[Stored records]
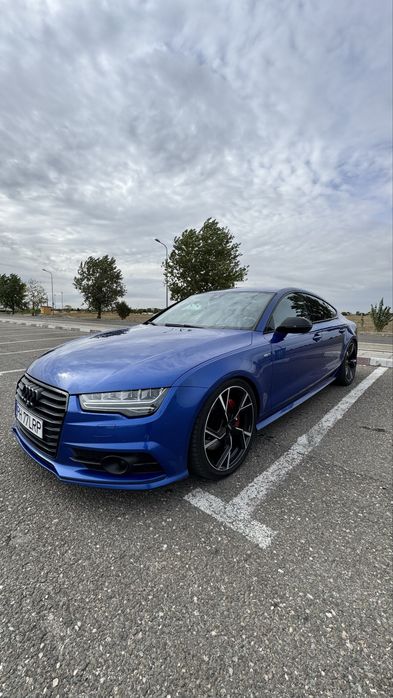 Audi A7 Competition Facelift 3.0 Diesel Bi-turbo Quattro S-line 326hp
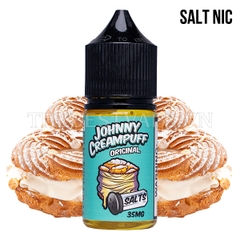 Johnny Creampuff - ORIGINAL ( Bánh Kem Vani ) - Salt Nicotine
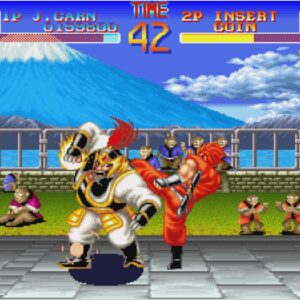 ACA NEOGEO WORLD HEROES. Изображение 4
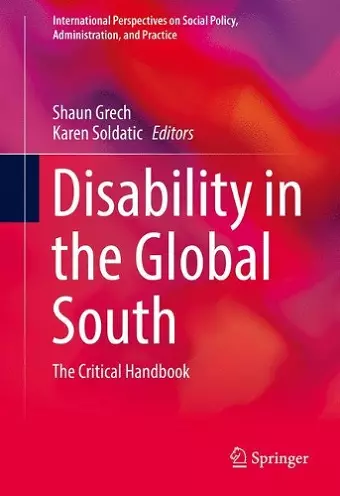 Disability in the Global South cover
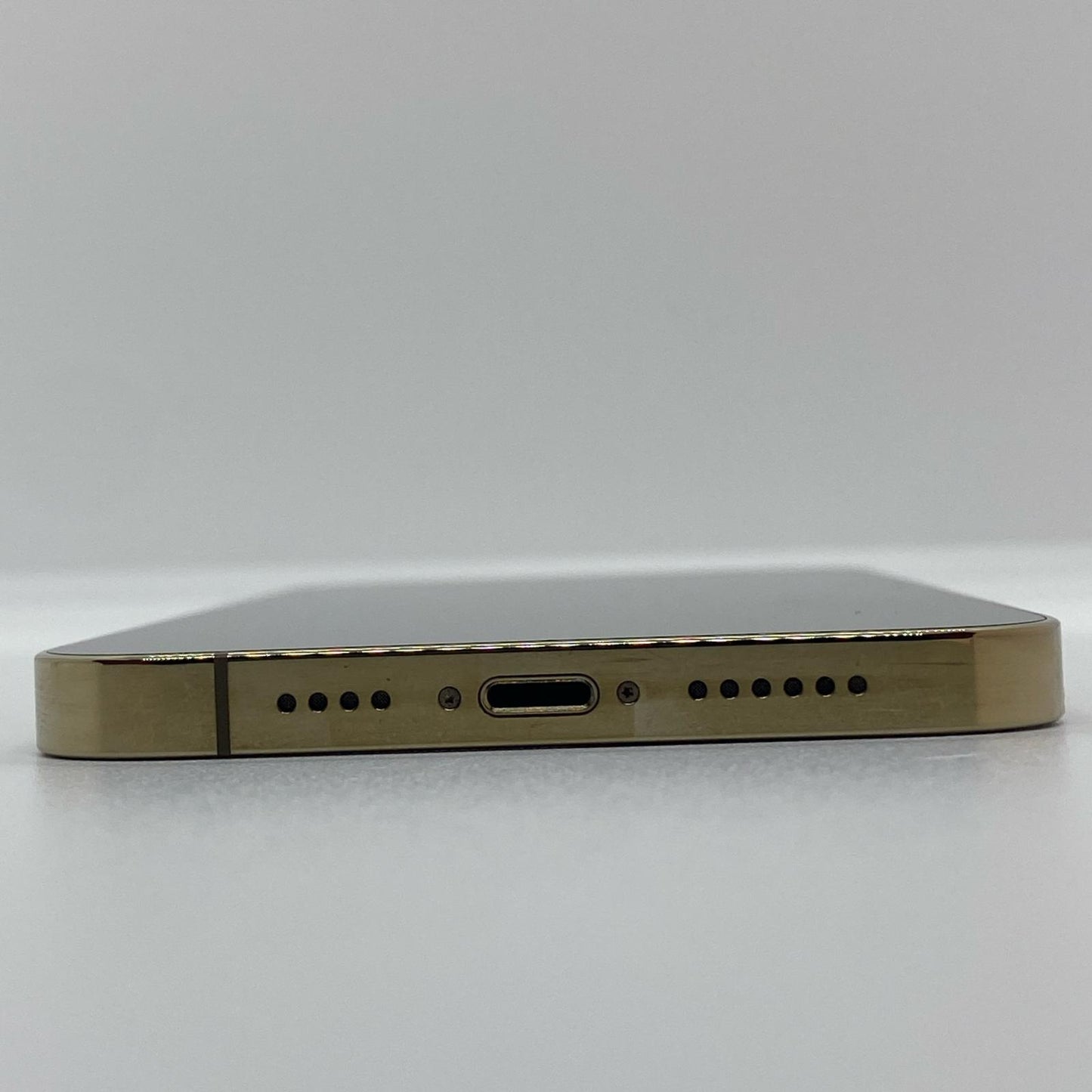 【全額返金保証】【最速発送】Apple iPhone iPhone 13 Pro Max 256GB ゴールド Softbank 動作確認済 79%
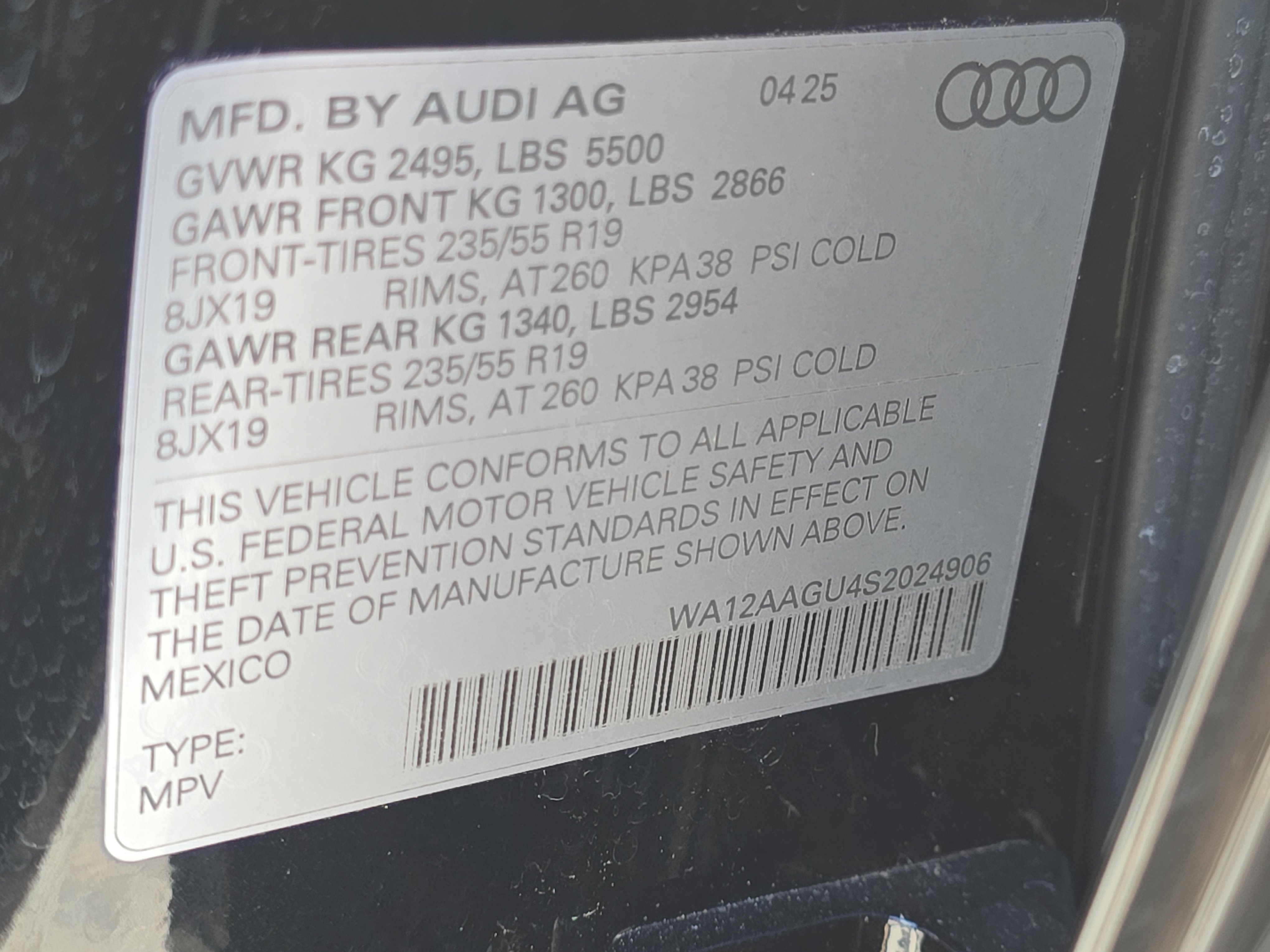 Certified 2025 Audi Q5 Premium Plus w/ Premium Plus image 35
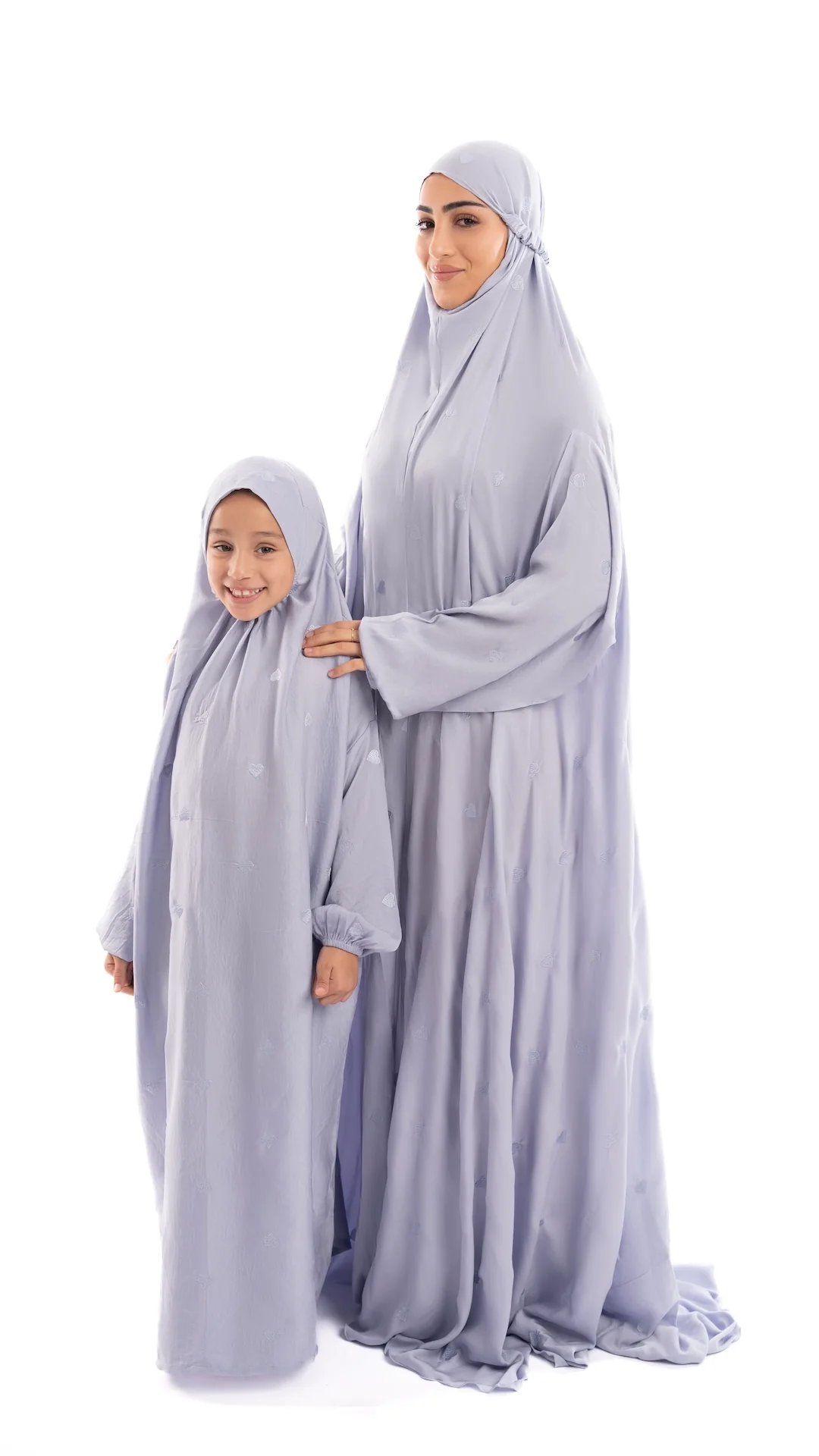 Habiba Prayer Abaya-Kids - Image 3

*WHAT IS EXPECTED*: Give all the entries again exactly, dropping each picture.

*ANSWER TO THE PROBLEM*:
 Audi A7 Competition Facelift 3.0 Diesel Bi-turbo Quattro S-line 326hp
 Johnny Creampuff - ORIGINAL ( Bánh Kem Vani ) - Salt Nicotine
 ACA NEOGEO WORLD HEROES. Изображение 4
 Disability in the Global South cover
 【全額返金保証】【最速発送】Apple iPhone iPhone 13 Pro Max 256GB ゴールド Softbank 動作確認済 79%
 Certified 2025 Audi Q5 Premium Plus w/ Premium Plus image 35
 Habiba Prayer Abaya-Kids - Image 3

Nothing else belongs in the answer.